High school was a vast sea of uncomfortableness. Every day a variation on that theme. Always a part of me off, the limits of my wardrobe a burden I felt every ten days as I waited to wear the teal skirt and sweater set that was my best outfit. I ironed my blouse in the kitchen, the cord of the iron laying across the cold burners of the stove, the rest of the house dark, my mother still sleeping, my father gone to work hours earlier. I would toast an English muffin, butter it with oleo and sit at the slim counter facing the wallpapered wall. It was like dining in a phone booth with the accordion door shut. Airless and soundless.
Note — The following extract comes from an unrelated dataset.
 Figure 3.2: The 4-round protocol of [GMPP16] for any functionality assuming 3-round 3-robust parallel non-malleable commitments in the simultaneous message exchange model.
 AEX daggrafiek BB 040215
The high school was huge, located in a Detroit suburb growing so fast that, for a while, students attended in two shifts. And then the school expanded and everyone attended in one big shift. Halls and halls of lockers and classrooms, so big that there were places in the building I heard referred to that I’d never seen. It sounds queer but it was so much like me. I came to school in the morning and went to the places I was supposed to go. I went to my classes and, after my classes, I went to the pool for Swim Club. In the pool, I practiced ballet legs and holding my breath, two of the key elements in synchronized swimming. Even when I swam I was uncomfortable, conscious of my extreme not fitting in, true even when linked in a chain of girls, my yearning to belong coming close to drowning me much of the time.
Except in typing class.
My father insisted that I take typing class in high school and, later, he would insist that I take shorthand in college. He said that if I could type and take shorthand, I could always find a job. This depressed me although I could see his point. At the time, I wanted to be a political columnist. I never told him that.
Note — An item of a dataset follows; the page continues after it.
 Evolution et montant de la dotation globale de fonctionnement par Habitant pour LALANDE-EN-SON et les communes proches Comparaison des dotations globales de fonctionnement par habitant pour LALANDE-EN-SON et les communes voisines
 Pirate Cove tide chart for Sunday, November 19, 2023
Taking typing class meant that I would be with the students who were going to be typing for a living. They weren’t the students who were taking trigonometry but I wasn’t taking trigonometry either so, in many ways, I belonged in typing class. I wasn’t great in anything. But I could type. Like a bat out of hell, as my father would say. Like a bat out of hell.
I sat at a typing table directly in front of the typing teacher’s desk. Our desks touched. Mr. Krause was a short guy with dark, very short hair and horn-rimmed glasses. Like every other male teacher, he wore a tie and plaid sport coat every day, never varied. He wrote the typing assignments on the chalk board and then sat at his desk, his hands folded or sometimes drumming a pencil to a beat in his head.
He picked a fight with me every day. Don’t you think that Lyndon Johnson is a terrible president? Don’t you think the war in Vietnam should be expanded to include all of Southeast Asia and China? If the John Birch Society walked in here right now, would you sign up?
Because I could type like bat out of hell, I always got the assignments done before everyone else. Then I sat with my arms folded on top of my typewriter and argued with Mr. Krause. It was the only time in my entire high school career that I felt totally and completely at ease. We were in our own little political debate club, a bubble that happened to be floating in typing class. What was happening with all the girls who weren’t uncomfortable all the time, the boys in their letter jackets, the students running for Student Council and the ones rushing to Yearbook meetings didn’t matter to me. None of them ever argued with Mr. Krause. They thought he was just a typing teacher. They didn’t take typing. They took trigonometry.
Typing class made me feel like a person of substance. It was my amazing luck to be sitting across from Mr. Krause for an entire year, my senior year in high school. Mr. Krause taught me how to type and how to hold my own. I’m thanking him now almost fifty years later.